La réponse, c’est un peu de tout. Penser que le porno agit vraiment avec une puissance, une force, sur la société, c’est lui donner beaucoup de pouvoir. Le porno, il ne faut pas oublier, il est quand même dans un ghetto. Tu en as, si tu en cherches. Il ne faut pas croire que le porno te saute à la gueule. Ça peut influencer d’une certaine manière. Par exemple, dans la musique pop, au sens très large, tu peux dire que Nicki Minaj ce serait, d’une certaine manière, l’influence du porno. Mais moi, je ne le vois pas forcément comme ça. Ce que je vois, c’est surtout du marketing sexuel, de la sexualité qui est mise en avant. La musique a toujours été très sexualisée. Fin 1960 début 1970, des mecs comme Jim Morrison, ça faisait un scandale, parce qu’il sort sa bite, fait semblant de se branler sur scène puis se retrouve avec les flics au cul. Ça a fait un scandale. Et quand on parle de Nicki Minaj maintenant, on oublie complètement, Jim Morrison ou Led Zeppelin.
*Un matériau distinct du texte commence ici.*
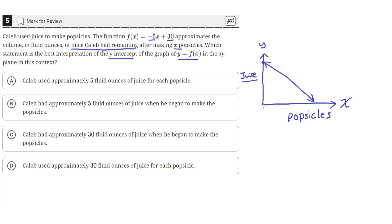So when Caleb has not made any popsicles yet, the amount of juice left is the y-intercept. The y-intercept of this graph is 30, which means that when zero popsicles have been made, Caleb has 30 fluid ounces of juice remaining. This means that he initially started with 30 ounces — the y-intercept is how much juice Caleb had initially before he made any popsicles. Which is answer choice C.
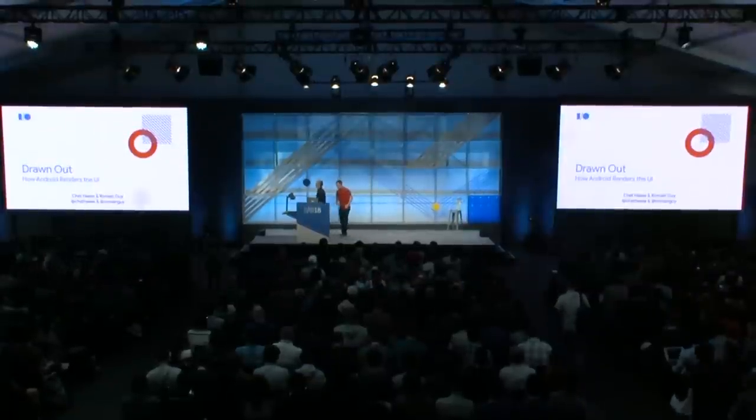Welcome to our talk, 'Drawn Out: How Android Renders the UI.' It was almost called something else — somebody decided it was going to be called 'How to Optimize Your App for Top Rendering Performance,' which wasn't what the talk was about. Instead, we're going to tell you the details of how things actually work. I'm Chet Haas from the Android Toolkit team. I'm Romain Guy, on the Android Framework team, and I do real-time graphics.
Led Zeppelin c’était :« je vais te donner chaque centimètre de mon amour »… C’est un peu plus vénère que le blues. Mais c’est cool, parce que ce sont des mecs, c’est de la testostérone, on a le droit de le faire. Quand c’est une femme, la sexualité est un peu moins « acceptée ». Je ne vais pas rentrer dans des considérations féministes, mais l’important c’est de remettre les choses dans leur contexte. Il faut prendre un peu plus de recul par rapport à ça. Après, tu retrouves l’influence du porno dans la société à d’autres endroits comme dans la terminologie. Si on dit « MILF », ce n’est pas pour rien, ça vient vraiment du porno pour le coup. La première fois qu’on entend le terme « MILF », c’est dans American Pie. C’est une référence au porno qui a été popularisé à travers le cinéma. Donc tu retrouves son influence à travers un autre médium et tu le retrouves dans la société. Il y a plein de liens comme ça, mais ce n’est jamais aussi binaire qu’on le pense.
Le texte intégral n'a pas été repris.